Misc

Keeping It Real

Recommitting to my New Year’s Resolutions…

watch me-694x347I’m not going to lie, we’re a little over two weeks into the New Year and I’m struggling to get into a groove with my New Year’s resolutions. I find myself contemplating strategies like… if I don’t reach my writing, workout, or weight loss goals for the day or week, I’ll make up for it another day, next week, or the following week, as long as I reach my cumulative monthly goals. Acknowledging this in writing, yes, I feel like a slacker. While I’d give myself a C+ as far as sticking to my goals so far, it’s going to take quite a bit more discipline on my part to bring that grade up to an A.

The first week of January I didn’t know what to expect or how I would feel in my attempts to meet my weekly goals. I met 90% of my writing goals, met my weight loss goal, and worked out four of the five times I had planned but, I wasn’t satisfied because I still fell short. The second week, my grade slipped from a C+ to a D. I met 75% of my writing goals, gained back the weight I lost in the first week, and only worked out three of five days.

While I’m determined to remain positive, I’ve definitely had moments during the past week when I’ve been hard on myself. I know I can do better. I know I just need to make it happen. I know I need to be better at managing my time. I know I need to stop staying up so damn late, go to bed earlier, get more sleep, eat better, and write, write, write.

I’ve also started consciously reflecting on the way my mind works when I make excuses for myself or when I attempt to come up with justifications as to why I’m doing something other than trying to accomplish the goals I’ve set for myself. My top excuse has clearly been… I’m too tired. I know it sounds cliché but I’m just keeping it real.

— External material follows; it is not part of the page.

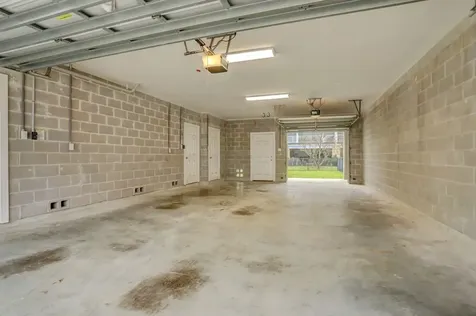 2714 Veranda Falls League City TX 77573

I’m a night owl by nature and love to stay up late while the rest of the world is asleep to catch up on my shows or social media. I do this even though I know that in order for me to get to work by six A.M., I really need to start DVRing my shows and watching them the next day or whenever I have time later. Since many of my shows are on Sundays, I typically get off to a pretty shaky start on Mondays after having only four or five hours of sleep. That in turn, leads to me being exhausted when I get home from work on Mondays, and sets the tone for a vicious cycle that I’m usually not able to recover from until around Thursday. By then, I’ve only worked out once or twice, haven’t been able to focus like I should, have been putting off my goals, have been hard on myself and/or feeling guilty for not being more disciplined with my time management, and have started procrastinating and trying to figure out strategies to make up for everything I’ve missed over the upcoming weekend.

This stops now.

This is my catchup week. Not only am I going to accomplish all of my weekly goals this week, I’m going to catchup on the ones I’ve failed to fulfill for the past two weeks.  Wish me luck!